# solution sets in linear algebra

• Feb 12th 2011, 02:04 PM
situation
solution sets in linear algebra
hey ive been given a system of equations:

$w+x+y+z=5 ; w+x+y+2z=6 ; 2w+2x+2y+3z=11$

i put this into an augmented matrix and got w+x+y=4 so im guessing that this gives a solution set which is that plane..how do i write this mathematically and am i correct??

thank you
• Feb 12th 2011, 02:19 PM
dwsmith
Quote:

Originally Posted by situation
hey ive been given a system of equations:

$w+x+y+z=5 ; w+x+y+2z=6 ; 2w+2x+2y+3z=11$

i put this into an augmented matrix and got w+x+y=4 so im guessing that this gives a solution set which is that plane..how do i write this mathematically and am i correct??

thank you

You should have gotten:

$\displaystyle\begin{bmatrix}1&1&1&0&4\\0&0&0&1&1\\ 0&0&0&0&0\end{bmatrix}$

$w=4-x-y$

x and y are free

$z=1$

$\displaystyle\left\{\begin{bmatrix}4-x-y\\x\\y\\1\end{bmatrix}\right\}$
• Feb 12th 2011, 02:58 PM
topspin1617
Quote:

Originally Posted by situation
hey ive been given a system of equations:

$w+x+y+z=5 ; w+x+y+2z=6 ; 2w+2x+2y+3z=11$

i put this into an augmented matrix and got w+x+y=4 so im guessing that this gives a solution set which is that plane..how do i write this mathematically and am i correct??

thank you

In a nutshell, you are exactly right. From the first two equations alone, we can see $z=1$. Plugging this in to the equations, we just get the same equation repeated three times: $w+x+y=4$. One equation in three values means that two of the variables are free (can be anything), and the value of the third depends on the values of the first two. So if, for example, $x=s,y=t$, then the set of all solutions would look like vectors (or points) of the form

$\left(\begin{array}{c}{x\\y\\z\\w}\end{array}\righ t)=\left(\begin{array}{c}{4-s-t\\s\\t\\1}\end{array}\right)=\left(\begin{array}{ c}{4\\0\\0\\1}\end{array}\right)+s\left(\begin{arr ay}{c}{-1\\1\\0\\0}\end{array}\right)+t\left(\begin{array} {c}{-1\\0\\1\\0}\end{array}\right)$

(many linear algebra tests would write the solution in the latter form, separating pieces corresponding to the independent parameters. But you don't HAVE to; there is absolutely nothing wrong with writing it the other way).
• Feb 12th 2011, 03:12 PM
situation
Quote:

Originally Posted by topspin1617
In a nutshell, you are exactly right. From the first two equations alone, we can see $z=1$. Plugging this in to the equations, we just get the same equation repeated three times: $w+x+y=4$. One equation in three values means that two of the variables are free (can be anything), and the value of the third depends on the values of the first two. So if, for example, $x=s,y=t$, then the set of all solutions would look like vectors (or points) of the form

$\left(\begin{array}{c}{x\\y\\z\\w}\end{array}\righ t)=\left(\begin{array}{c}{4-s-t\\s\\t\\1}\end{array}\right)=\left(\begin{array}{ c}{4\\0\\0\\1}\end{array}\right)+s\left(\begin{arr ay}{c}{-1\\1\\0\\0}\end{array}\right)+t\left(\begin{array} {c}{-1\\0\\1\\0}\end{array}\right)$

(many linear algebra tests would write the solution in the latter form, separating pieces corresponding to the independent parameters. But you don't HAVE to; there is absolutely nothing wrong with writing it the other way).
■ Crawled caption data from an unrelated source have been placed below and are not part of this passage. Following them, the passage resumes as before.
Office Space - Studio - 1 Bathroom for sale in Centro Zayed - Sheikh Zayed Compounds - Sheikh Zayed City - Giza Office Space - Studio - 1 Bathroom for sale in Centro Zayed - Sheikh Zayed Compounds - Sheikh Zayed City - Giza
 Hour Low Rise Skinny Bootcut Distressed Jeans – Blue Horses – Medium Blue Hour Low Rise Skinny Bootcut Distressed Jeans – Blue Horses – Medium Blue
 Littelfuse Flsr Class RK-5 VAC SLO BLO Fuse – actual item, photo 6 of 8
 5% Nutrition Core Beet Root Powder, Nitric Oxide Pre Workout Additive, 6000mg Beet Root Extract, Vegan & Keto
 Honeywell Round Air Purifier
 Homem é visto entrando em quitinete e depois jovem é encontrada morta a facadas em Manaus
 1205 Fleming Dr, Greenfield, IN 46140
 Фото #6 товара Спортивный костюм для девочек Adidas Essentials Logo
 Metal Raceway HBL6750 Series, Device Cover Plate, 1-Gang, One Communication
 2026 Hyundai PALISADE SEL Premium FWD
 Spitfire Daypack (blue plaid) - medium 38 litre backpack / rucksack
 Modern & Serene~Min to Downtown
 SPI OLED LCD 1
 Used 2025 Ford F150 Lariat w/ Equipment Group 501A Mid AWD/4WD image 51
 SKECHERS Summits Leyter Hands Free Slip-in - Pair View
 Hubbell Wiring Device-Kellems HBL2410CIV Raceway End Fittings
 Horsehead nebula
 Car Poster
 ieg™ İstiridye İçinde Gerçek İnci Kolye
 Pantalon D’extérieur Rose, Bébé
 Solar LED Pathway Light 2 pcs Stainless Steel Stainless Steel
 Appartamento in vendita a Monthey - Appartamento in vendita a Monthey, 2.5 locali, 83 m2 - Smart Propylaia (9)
thanks for that dude, the question in the text book is asking for the solution set in parametric form..also the next part asks me to solve the system with the same coefficient matrix but just augmented with the zero vector instead...the associated homogeneous system. not sure how i do that though :S

thanks
• Feb 12th 2011, 03:15 PM
dwsmith
Quote:

Originally Posted by situation
thanks for that dude, the question in the text book is asking for the solution set in parametric form..also the next part asks me to solve the system with the same coefficient matrix but just augmented with the zero vector instead...the associated homogeneous system. not sure how i do that though :S

thanks

Solve the matrix without the last column vector.
• Feb 12th 2011, 03:16 PM
situation
Quote:

Originally Posted by dwsmith
Solve the matrix without the last column vector.

ill give it a go now thanks.
• Feb 12th 2011, 03:52 PM
topspin1617
Quote:

Originally Posted by situation
thanks for that dude, the question in the text book is asking for the solution set in parametric form..also the next part asks me to solve the system with the same coefficient matrix but just augmented with the zero vector instead...the associated homogeneous system. not sure how i do that though :S

thanks

Yea.... basically means instead of =4, =5, =6, take the same equations with =0, =0 =0.